Take New York. Based on year-end 2000 sales statistics calculated by The Corcoran Group, there’s no question that Manhattan’s luxury real estate market will ever be the same! The astonishing renaissance of New York City has demonstrated its resilience to threats of sluggish economic conditions with phenomenal increases in the average sales price indices over 1999’s record high levels. One thing’s certain…owning NYC real estate is still the ultimate status symbol among ultra-status conscious New Yorkers. The past year may have been a roller coaster ride for Wall Street, but our real estate clients have remained extremely calm and confident.
Other cities nationwide are also experiencing similar trends and exceptional market strength. Let’s first look at New York City’s remarkable stats, then we’ll jet across country to see how other major cities stack up…

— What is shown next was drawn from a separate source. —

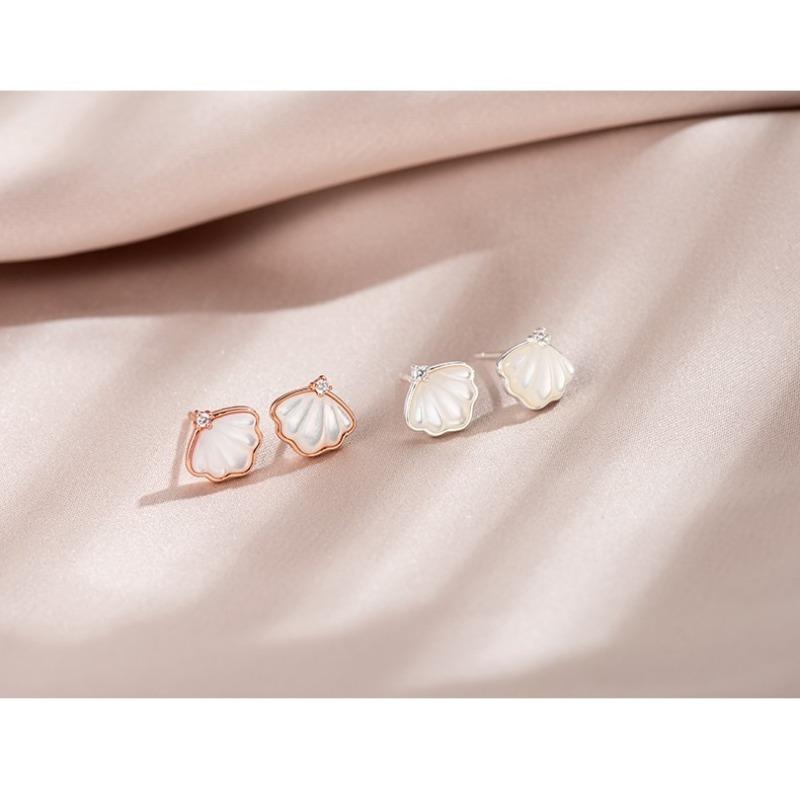 Stainless Steel Cast Minimalist Earrings 18K Waterproof  Sterling Silver Stud Earrings Women's Niche Design High-quality Mother-of-pearl Earrings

It you can make it there, you can make it anywhere, right? Real estate growth made it big time in the Big Apple last year, setting the pace for our other big cities. We’re seeing several dichotomies in trends, however. First, there are still more buyers than sellers in the market. Buyers today have more cash to spend, yet seem more hesitant to commit than last year. Even those willing to take the plunge may have to wait, due to the still prevalent shortage of nice apartments (except for super-expensive properties over $10 million, which are readily available). While the days of wild bidding over asking price may be gone, competitive bidding on choice properties continues as an everyday occurrence. Prices are still on the rise but apartments are taking a bit longer to sell, with deal signing time also lagging somewhat.